Penangkapan tanpa prosedur sah adalah tindakan represif yang menciderai prinsip hak asasi manusia dan mengancam ruang sipil yang bebas. Hal ini menunjukkan lemahnya perlindungan hukum terhadap rakyat.
Selain itu, akar dari konflik ini tidak terlepas dari sistem kapitalisme yang masih bercokol, di mana buruh diposisikan hanya sebagai alat produksi, bukan manusia yang memiliki hak atas kesejahteraan.
Ketika rakyat, termasuk mahasiswa, menuntut keadilan sosial, negara justru merespons dengan represi, bukan penyelesaian akar masalah.

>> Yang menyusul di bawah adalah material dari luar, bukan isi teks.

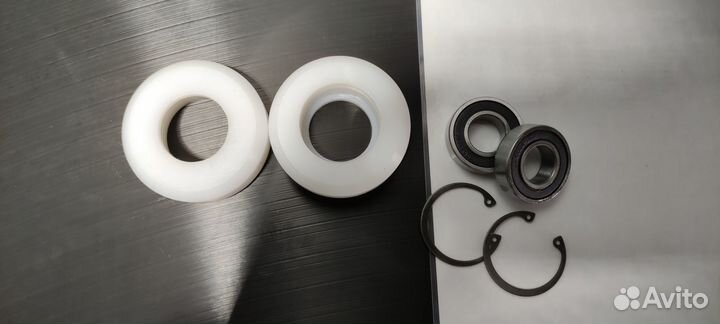 Верхние катки 2 шт yamaha 8AC-47310-10-00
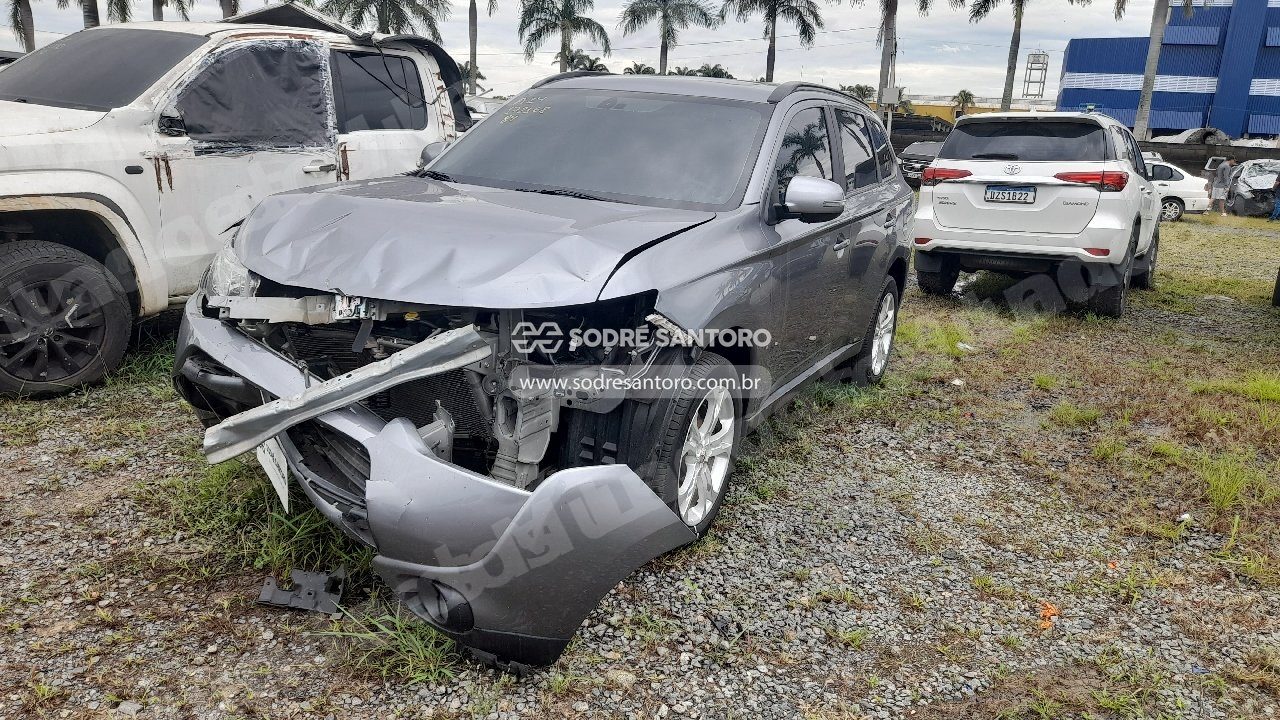 Mitsubishi Outlander 2.0 2014 em leilão em Monte Mor/SP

Kebebasan berpendapat dalam Islam dijamin selama tidak bertentangan dengan syariat. Kritik terhadap penguasa atau sistem yang zalim bahkan menjadi bagian dari amar ma’ruf nahi mungkar. Rasulullah bersabda:
"Sebaik-baik jihad adalah menyampaikan kebenaran di hadapan penguasa yang zalim." (HR. Abu Dawud dan Tirmidzi)
Dalam sistem hukum Islam, tidak dibenarkan adanya penangkapan atau penahanan tanpa proses yang syar’i, yakni bukti yang valid, saksi yang adil, dan prosedur peradilan yang transparan. Islam tidak membenarkan intimidasi, kriminalisasi, atau penyalahgunaan wewenang terhadap rakyat yang menasihati penguasa.
Konsep hukuman dalam islam tidak semata-mata untuk menghukum, tetapi dibangun di atas dua asas utama yang adil dan penuh rahmat yaitu zawajir dan jawabir.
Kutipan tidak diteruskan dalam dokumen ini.